ACORDAM, em Conselho Superior de Magistratura do Tribunal de Justiça de São Paulo, proferir a seguinte decisão: "NEGARAM PROVIMENTO AO RECURSO, V.U.", de conformidade com o voto do(a) Relator(a), que integra este acórdão.
O julgamento teve a participação dos Desembargadores JOSÉ RENATO NALINI (Presidente), EROS PICELI, GUERRIERI REZENDE, ARTUR MARQUES, PINHEIRO FRANCO E RICARDO ANAFE.
São Paulo, 26 de março de 2015.
ELLIOT AKEL
RELATOR
Apelação Cível n.º 0001619-65.2014.8.26.0586
Apelante: Gás Natural São Paulo Sul S.A.
Apelado: Oficial de Registro de Imóveis da Comarca de São Roque
Voto nº 34.184
REGISTRO DE IMÓVEIS – DÚVIDA JULGADA PROCEDENTE – RECUSA DE INGRESSO DE CARTA DE SENTENÇA – INSTITUIÇÃO DE SERVIDÃO DE PASSAGEM – DESCRIÇÃO PRECÁRIA DO IMÓVEL SERVIENTE – INEXISTÊNCIA DE ELEMENTOS MÍNIMOS DE IDENTIFICAÇÃO E LOCALIZAÇÃO – NECESSIDADE DE PRÉVIA RETIFICAÇÃO DA ÁREA, EM OBSERVÂNCIA AO PRINCÍPIO DA ESPECIALIDADE OBJETIVA – RECURSO NÃO PROVIDO.

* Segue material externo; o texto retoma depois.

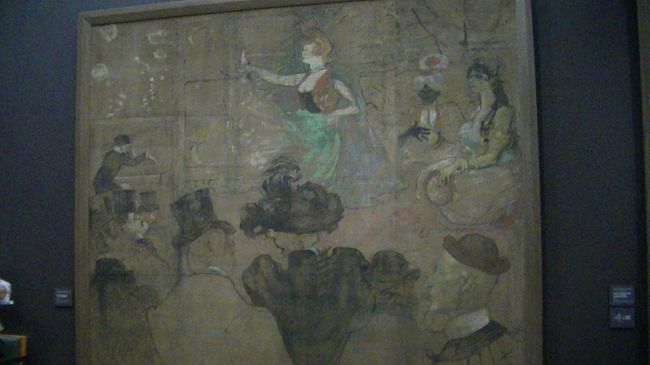 フランス～スペイン旅・オルセー美術館・5年前の思い出・・今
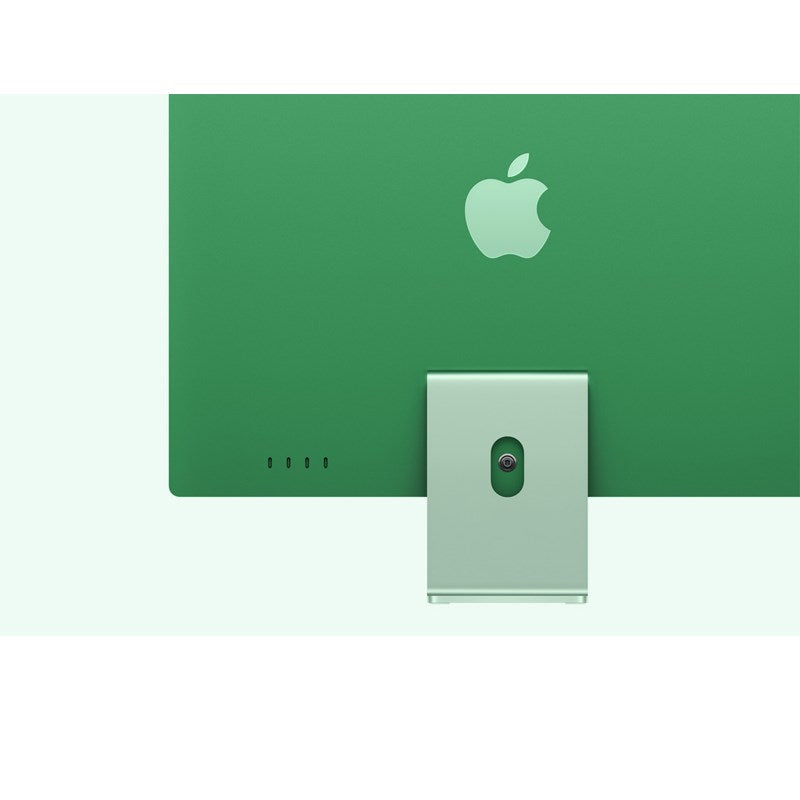 Apple iMac with Retina 4.5K Display: Apple M4 Chip with 10‑core CPU and 10‑core GPU, 16 GB, 256 GB SSD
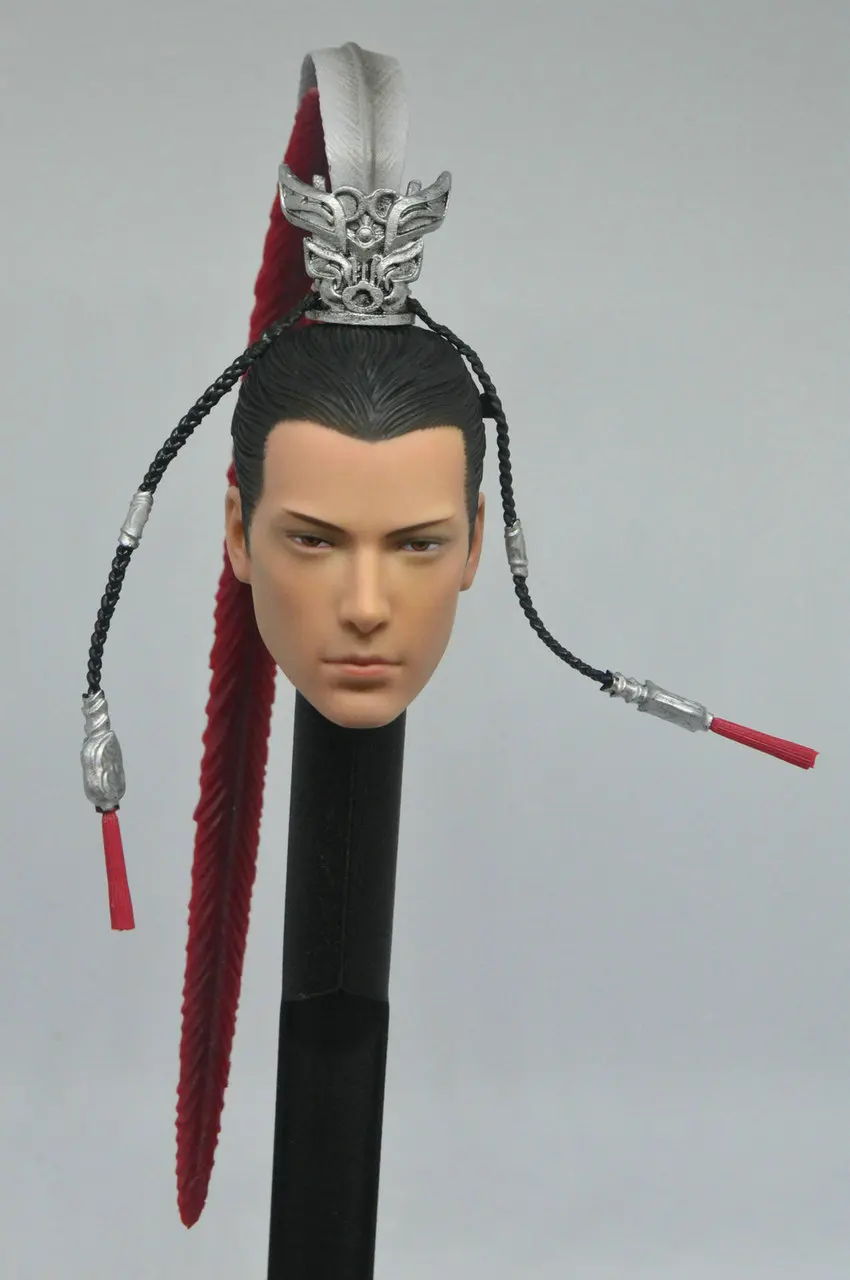 

1/6 Scale Head Sculpt For Hot Toys Figure Body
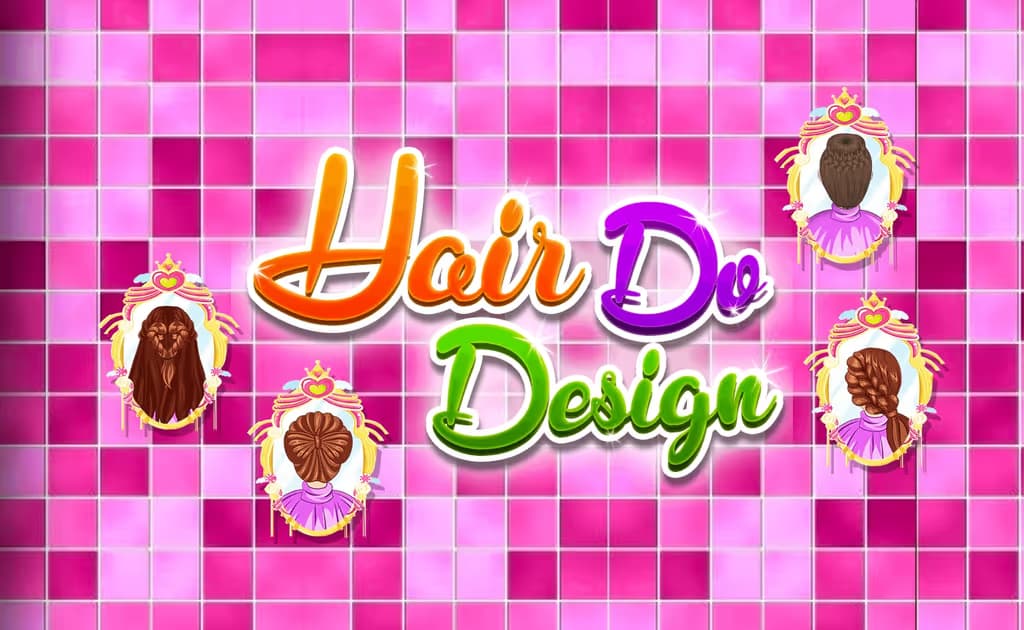 Hair Do Design logo
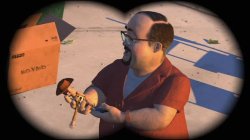 Al's Toy Barn Meme Template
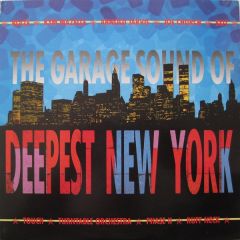 Various Artists - Various Artists - Garage Sound Of New York - Republic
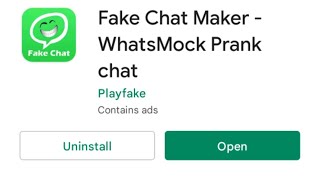 Fake Chat How To Create WhatsApp Chat Prank Screenshot Chat technical bro in Urdu screenshot 5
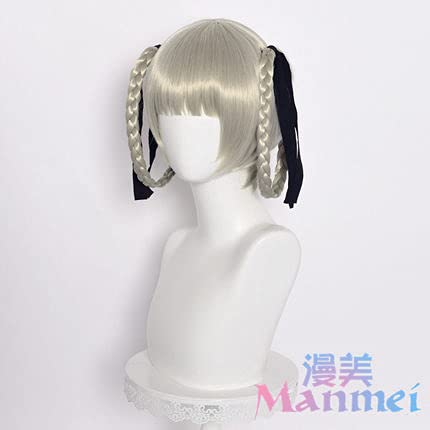 Amazon.co.jp: 賭ケグルイ 桃喰 綺羅莉 コスプレウィッグ 専用ネット付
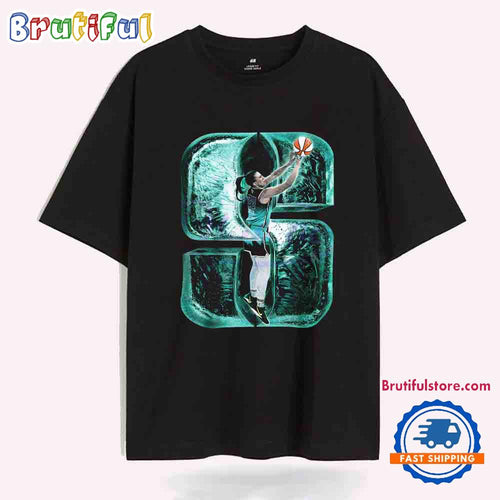 Sabrina Ionescu So Win New York Liberty T-Shirt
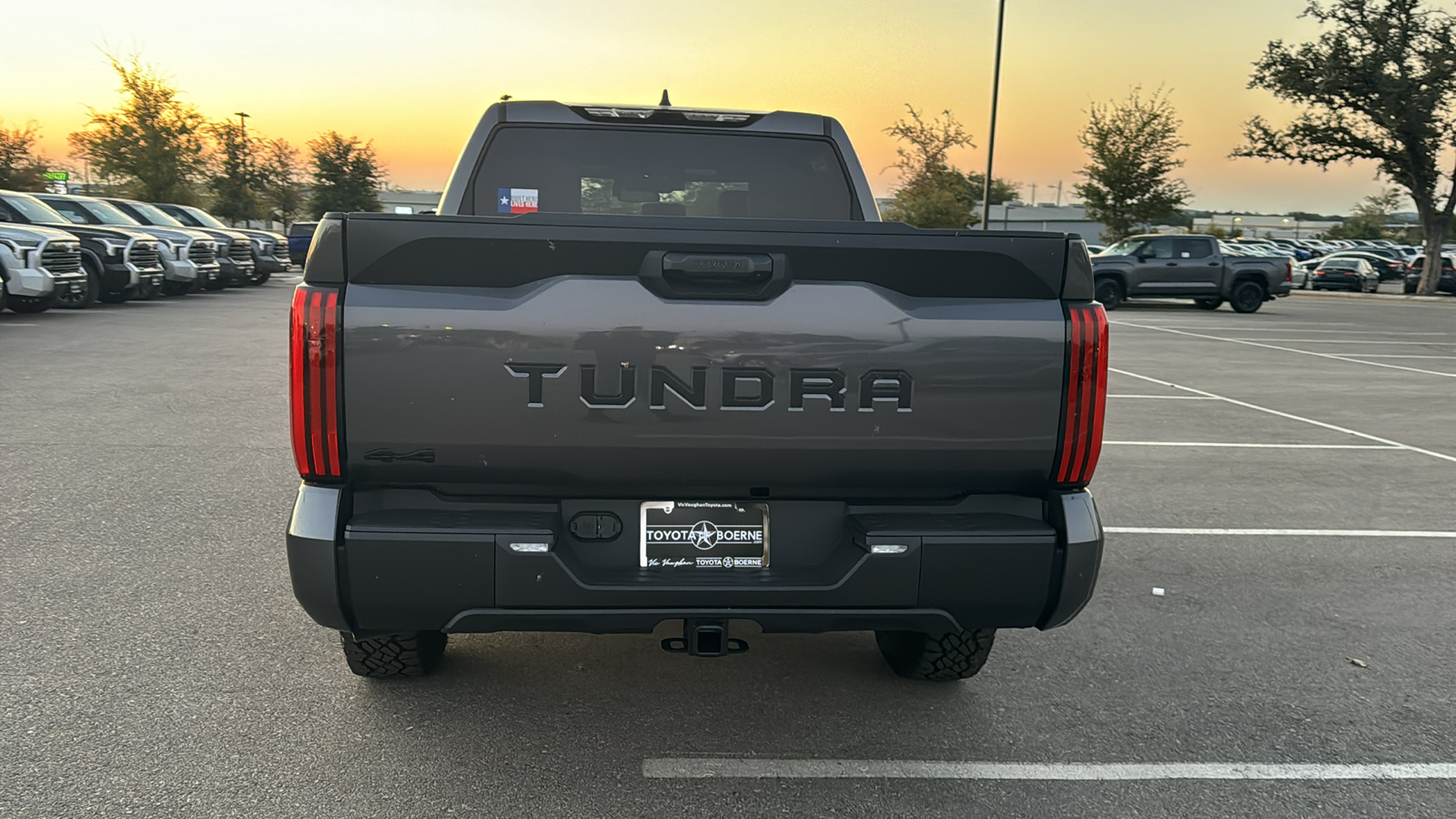 2025 Toyota Tundra SR5 7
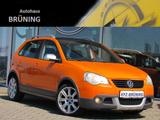 Volkswagen Polo 1.6 CrossPolo Klimaautomatik Tempomat - Volkswagen Polo aus 2006: 1.6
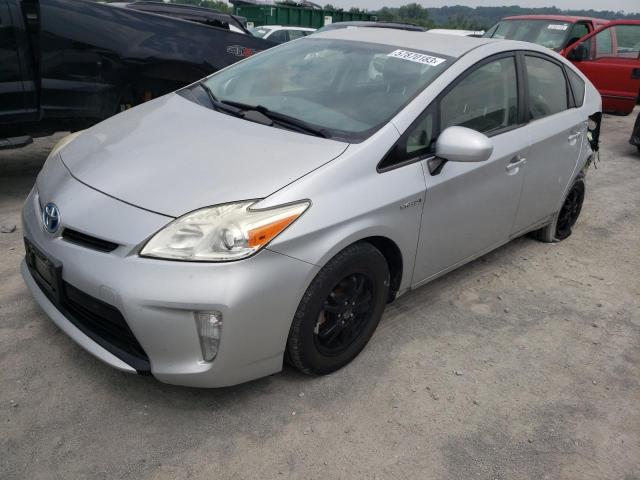 TOYOTA PRIUS 2012 jtdkn3du8c1537559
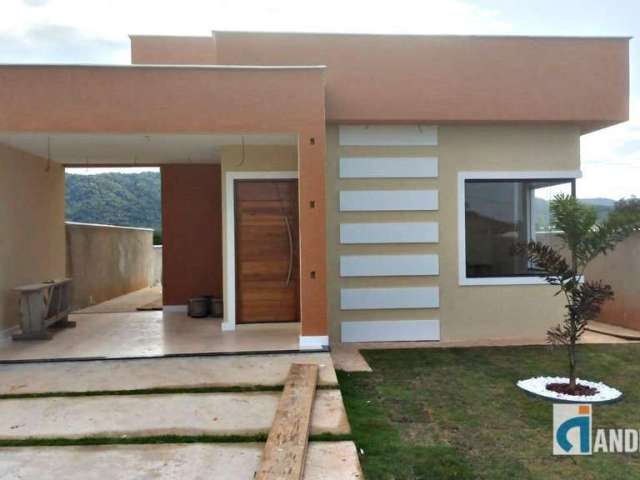 RG205 - Excelente casa no Condomínio Royal Garden I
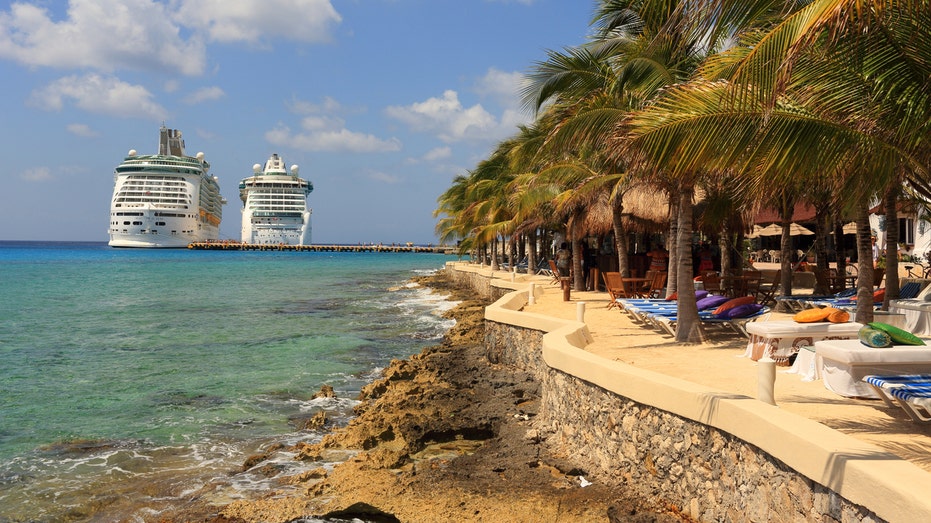 Mexico to impose tax for cruise ship visitors starting in 2025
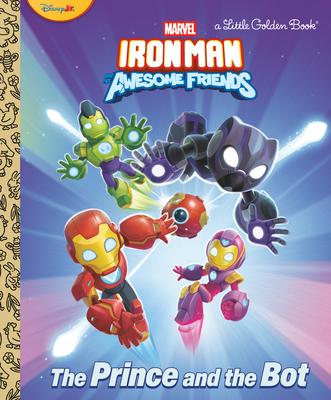 The Prince and the Bot! (Iron Man and His Awesome Friends) Subscription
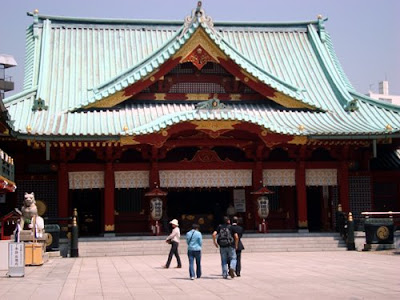 Kanda Myojin Tokyo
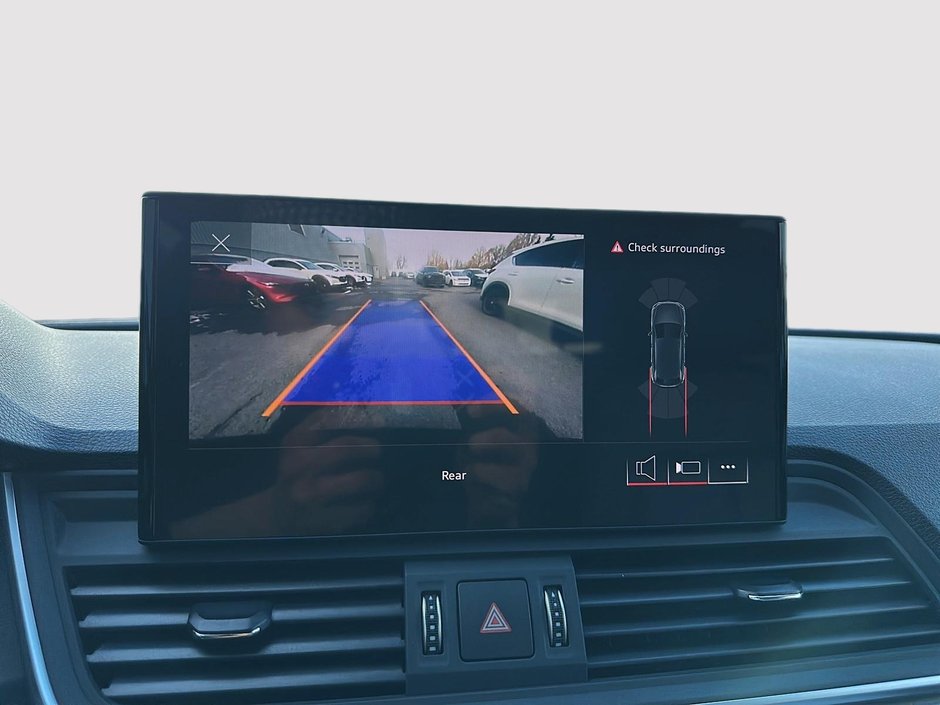 Audi Q5 Progressiv Quattro S-Line 2024-16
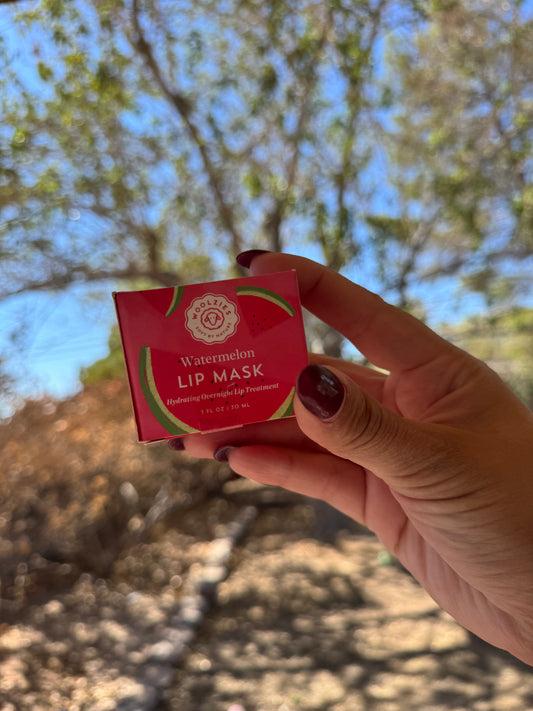 Watermelon Overnight Lip Mask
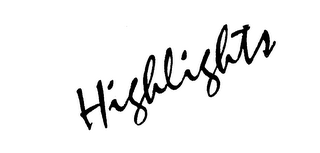 HIGHLIGHTS logo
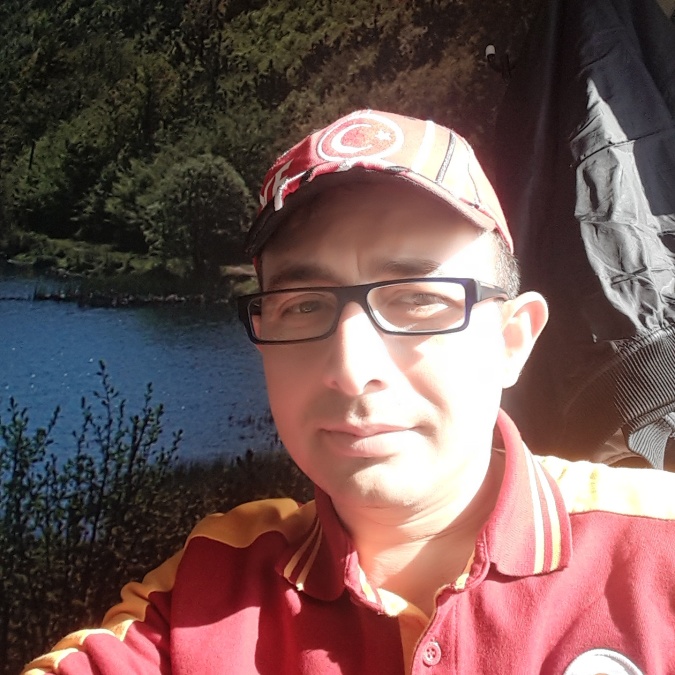 Ayhan ERDOĞAN, 46, Ankara, Turkey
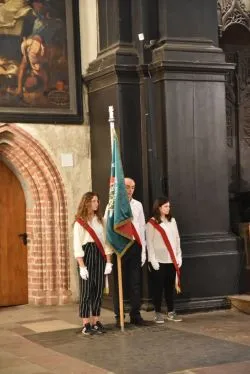Uroczystości Związku Sybiraków
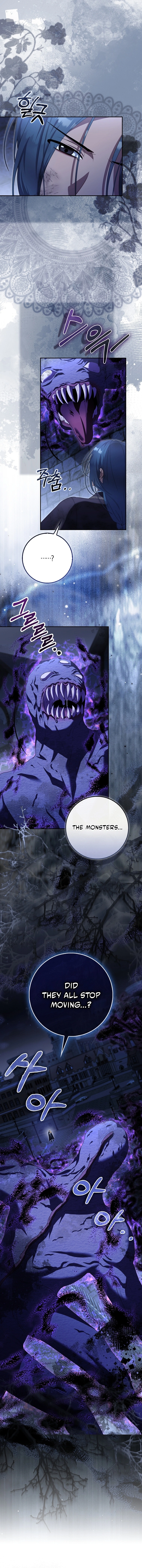 The Baby Fairy Is a Villainess Chapter 64 page 4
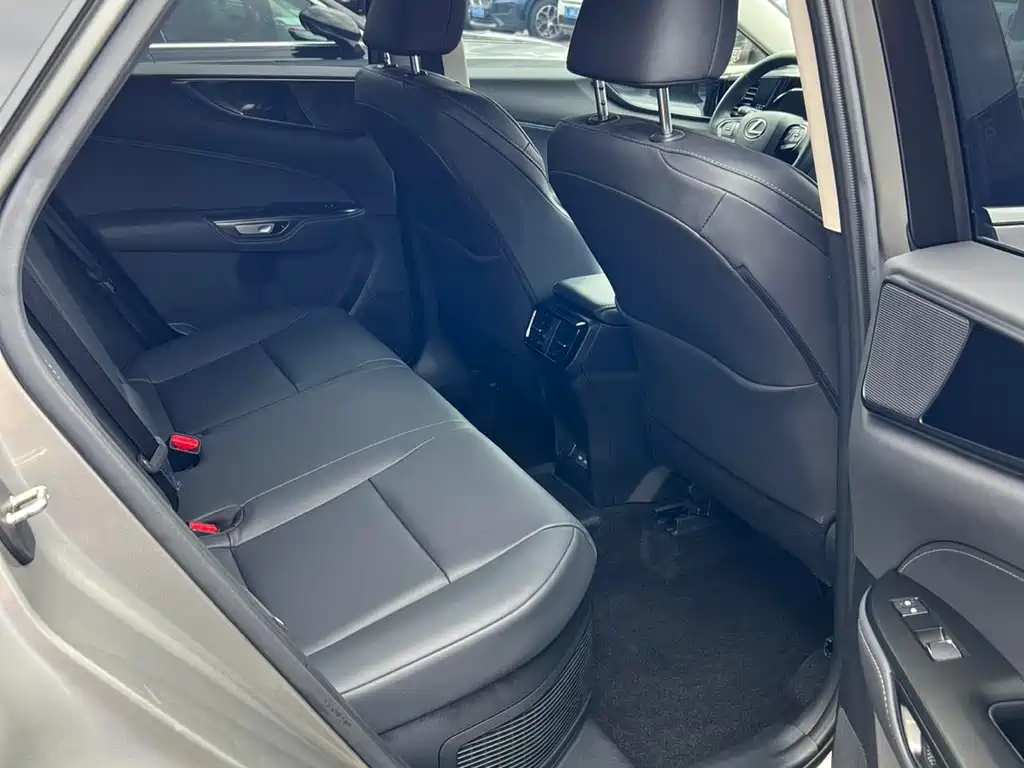 Lexus NX New Energy 2024 400h+ Changyue Edition купить на сайте DeffCars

Trata-se de recurso de apelação interposto contra a sentença do MM. Juiz Corregedor Permanente do Oficial de Registro de Imóveis da Comarca de São Roque, que julgou procedente a dúvida suscitada e manteve a exigência de prévia retificação da área objeto da transcrição número 8.288 do Livro 3-S para possibilitar a abertura de matrícula e o registro da carta de sentença referente à existência de servidão de passagem no imóvel, pois, não obstante a área da servidão esteja perfeitamente descrita e caracterizada, a base onde ela se insere não está, o que impede o controle da continuidade e da especialidade. Ressalva o julgado que, mesmo que assim não fosse, a concordância do interessado com o outro óbice apontado na nota devolutiva, ao apresentar no curso do procedimento o número do CPF de Silvio Teixeira, para a correta identificação do titular do direito real, impede o registro pretendido.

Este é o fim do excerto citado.